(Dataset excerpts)
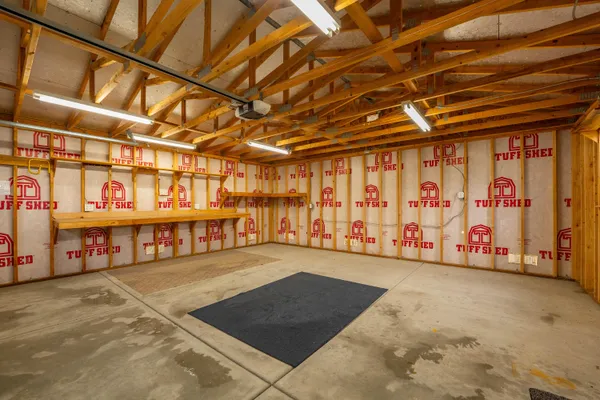 a view of a room with wooden floor and outdoor space
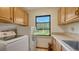 Functional laundry room with front loading washer/dryer, natural wood cabinets and sink at 2230 Myakka Rd, Sarasota, FL 34240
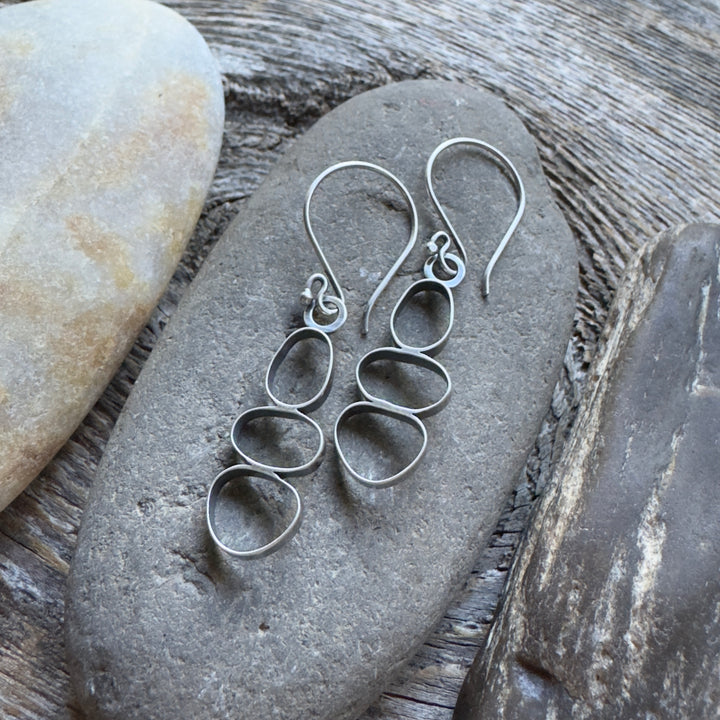 Handmade oxidized sterling silver cairn dangle earrings on river rock, lightweight nature-inspired jewelry, made in Colorado.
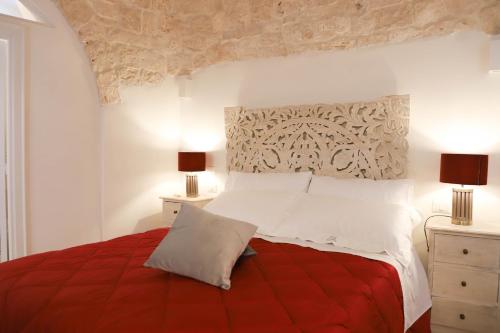 Postel nebo postele na pokoji v ubytování TRULLI CALELLA by Apulia Hospitality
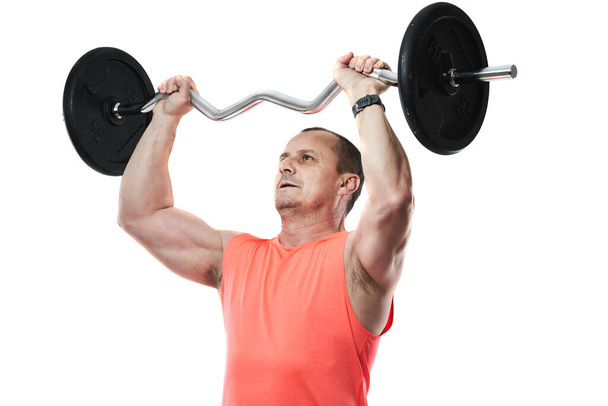 Mature athletic man in pink tee doing fitness workout with barbell and weights, isolated on white background - Φωτογραφία, εικόνα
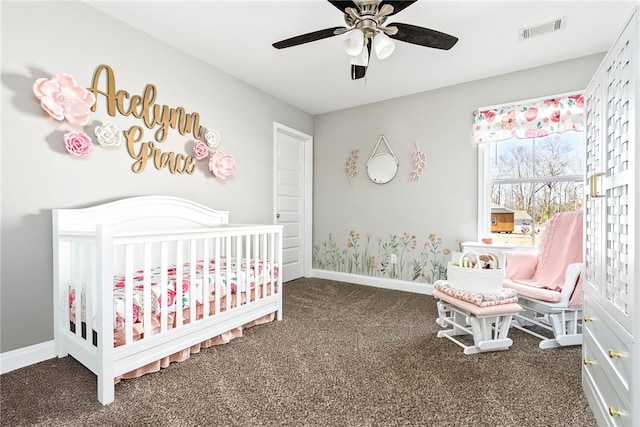 bedroom with carpet flooring, a ceiling fan, visible vents, baseboards, and a nursery area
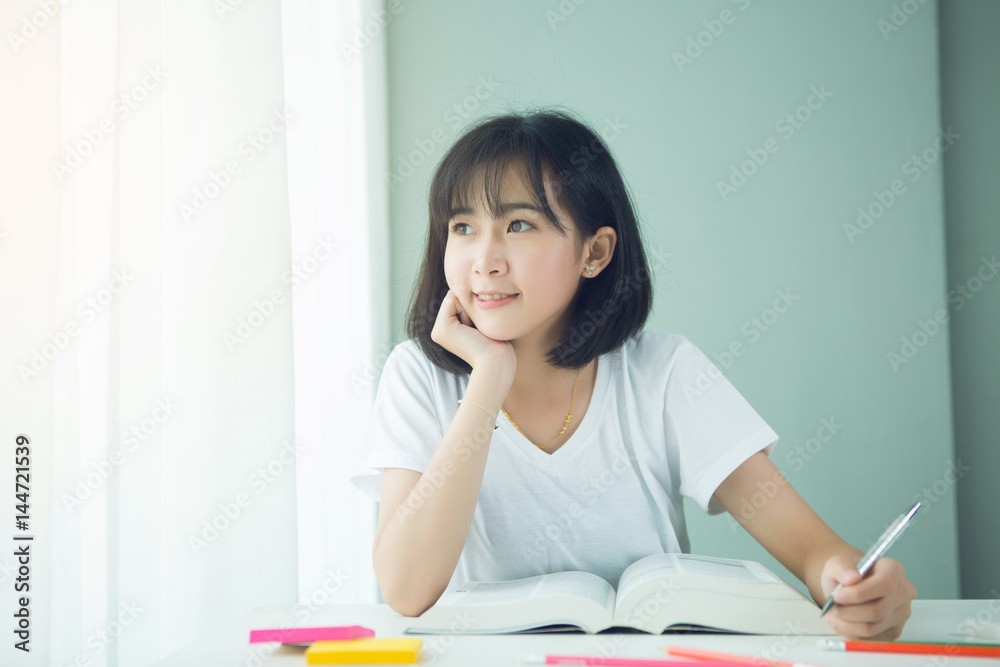Portrait of a beautiful Asia woman studying at home Portrait of a beautiful Asia woman studying at home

AIM OF THE EXERCISE =
Omitting the images, output each record precisely as written.

ANSWER BOX =
 a view of a room with wooden floor and outdoor space
 Functional laundry room with front loading washer/dryer, natural wood cabinets and sink at 2230 Myakka Rd, Sarasota, FL 34240
 Handmade oxidized sterling silver cairn dangle earrings on river rock, lightweight nature-inspired jewelry, made in Colorado.
 Postel nebo postele na pokoji v ubytování TRULLI CALELLA by Apulia Hospitality
 Mature athletic man in pink tee doing fitness workout with barbell and weights, isolated on white background - Φωτογραφία, εικόνα
 bedroom with carpet flooring, a ceiling fan, visible vents, baseboards, and a nursery area
Portrait of a beautiful Asia woman studying at home Portrait of a beautiful Asia woman studying at home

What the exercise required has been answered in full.